L’argent du PEA doit néanmoins être bloqué pendant au moins cinq ans.

En fait, c’est pendant les deux premières années que les contraintes sont les plus fortes.

En effet, pour un horizon de placement inférieur à deux ans, la fiscalité est réellement dissuasive : on subit un taux d’imposition de 33,5 % (prélèvements sociaux compris).

Entre deux et cinq ans, une sortie entraîne une imposition au taux en vigueur pour l’impôt sur les plus-values (27 %).

Précisons que l’imposition est calculée sur la différence entre les sommes investies dans le plan et les capitaux dégagés à la sortie, frais déduits.

Autrement dit, dividendes et plus-values s’additionnent sans être distingués.

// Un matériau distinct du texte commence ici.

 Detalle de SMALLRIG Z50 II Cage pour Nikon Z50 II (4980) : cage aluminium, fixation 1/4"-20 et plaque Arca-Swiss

Au terme des cinq ans, les revenus et plus-values échappent à l’impôt sur le revenu, mais il faut compter avec des prélèvements sociaux de 10,3 % sur les gains réalisés depuis le 1er juillet 2004 (11 % en 2005).

Les cessions effectuées dans le cadre du PEA après cinq ans ne sont pas prises en compte pour apprécier le seuil de cession annuel de 15 000 euros.

Après huit ans, le titulaire du PEA a le choix entre une sortie en capital et une rente viagère non imposable à l’impôt sur le revenu.

Des retraits partiels peuvent même être effectués sans entraîner la clôture du PEA.

Mais ils rendent alors impossibles de nouveaux versements.